The fMRI BOLD signal of each voxel was first analyzed through a spectral analysis. After Z-normalizing the signal to mean = 0 and variance = 1, we calculated the PSD of the signal using the Welch method39 with a Hann window of 100 s and 50% overlap. The PSD curve describes how the power in a signal is distributed across different frequencies in the spectrum. Specifically, it is well-suited to our data as it enables the processing of signals with varying durations. Given that we have eight different stories, each with its unique duration, this method allows us to normalize the power to units of Hz in a consistent manner.

From the PSD curve, we derived the LFP and HFP scores as follows:

  1. (1)

    \({HFP}={\int }_{0.08}^{0.33}{PSD}\; \left({Hz}\right){dx}\)

  2. (2)

    \({LFP}={\int }_{0}^{0.02}{PSD}\; \left({Hz}\right){dx}\,\)

The lower bound for the integral of HFP is 0.08 Hz because it is equivalent to a wavelength (cycle) of 32 tokens (32 tokens takes ~12 s, and therefore, 0.08 Hz ≈ 1/12), and the higher bound, 0.33 Hz, is the Nyquist frequency (the maximum decomposed frequency). The range of the integral on LFP starts from Zero (the minimum decomposed frequency) to 0.02 Hz, which is equivalent to a window of 256 tokens. 0.02 Hz was chosen because it maximizes the correlation between LFP and \({{\triangle }{r}}_{{{Incremental\; Context}}{-}{32}{{tokens}}}\), however, the pattern of the results is preserved for different thresholds as well.
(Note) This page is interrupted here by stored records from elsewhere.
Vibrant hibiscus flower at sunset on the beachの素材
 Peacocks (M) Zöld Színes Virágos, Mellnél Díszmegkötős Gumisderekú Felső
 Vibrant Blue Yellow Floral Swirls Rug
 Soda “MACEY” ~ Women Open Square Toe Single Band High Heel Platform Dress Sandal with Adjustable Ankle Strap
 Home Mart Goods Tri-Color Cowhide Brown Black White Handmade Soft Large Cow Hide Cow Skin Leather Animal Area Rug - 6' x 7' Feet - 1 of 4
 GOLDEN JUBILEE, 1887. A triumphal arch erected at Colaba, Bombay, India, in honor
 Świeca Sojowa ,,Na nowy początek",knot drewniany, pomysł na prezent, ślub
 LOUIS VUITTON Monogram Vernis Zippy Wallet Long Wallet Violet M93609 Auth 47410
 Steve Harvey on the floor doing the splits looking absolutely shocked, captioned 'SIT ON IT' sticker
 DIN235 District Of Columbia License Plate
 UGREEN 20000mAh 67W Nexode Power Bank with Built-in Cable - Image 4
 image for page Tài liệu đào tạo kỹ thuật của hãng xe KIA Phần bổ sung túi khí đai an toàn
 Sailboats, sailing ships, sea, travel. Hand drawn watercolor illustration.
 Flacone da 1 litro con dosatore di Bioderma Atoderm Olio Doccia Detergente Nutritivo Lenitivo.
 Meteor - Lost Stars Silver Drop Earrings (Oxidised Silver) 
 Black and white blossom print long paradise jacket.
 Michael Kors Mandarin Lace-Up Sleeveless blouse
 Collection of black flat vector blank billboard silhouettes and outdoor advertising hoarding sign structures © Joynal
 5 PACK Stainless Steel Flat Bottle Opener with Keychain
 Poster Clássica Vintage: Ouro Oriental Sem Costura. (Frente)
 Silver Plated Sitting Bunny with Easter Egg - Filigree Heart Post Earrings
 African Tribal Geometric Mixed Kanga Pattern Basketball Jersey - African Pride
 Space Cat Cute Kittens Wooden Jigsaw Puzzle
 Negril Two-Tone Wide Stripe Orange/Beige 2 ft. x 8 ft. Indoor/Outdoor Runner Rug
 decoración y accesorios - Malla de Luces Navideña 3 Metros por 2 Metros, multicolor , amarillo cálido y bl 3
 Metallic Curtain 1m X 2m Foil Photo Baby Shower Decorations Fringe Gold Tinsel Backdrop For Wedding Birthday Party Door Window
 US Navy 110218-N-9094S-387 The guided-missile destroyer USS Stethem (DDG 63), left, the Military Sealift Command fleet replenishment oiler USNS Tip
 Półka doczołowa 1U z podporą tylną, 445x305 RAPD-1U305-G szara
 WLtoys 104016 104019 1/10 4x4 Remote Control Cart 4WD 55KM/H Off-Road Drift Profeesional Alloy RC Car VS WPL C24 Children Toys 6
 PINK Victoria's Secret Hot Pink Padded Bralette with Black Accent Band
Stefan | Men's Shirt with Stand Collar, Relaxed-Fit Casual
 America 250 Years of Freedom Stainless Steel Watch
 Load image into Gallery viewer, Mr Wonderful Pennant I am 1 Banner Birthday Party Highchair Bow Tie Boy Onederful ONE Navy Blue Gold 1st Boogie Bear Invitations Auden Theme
HFP and LFP scores were subsequently averaged across the 297 scans. Last, we calculated the correlations between \({{\triangle }{r}}_{{{Incremental\; Context}}{-}{32}{{tokens}}}\) and both the HFP and the LFP scores, over the 9258 voxels, using Pearson’s r.

Reporting summary

Further information on research design is available in the Nature Portfolio Reporting Summary linked to this article.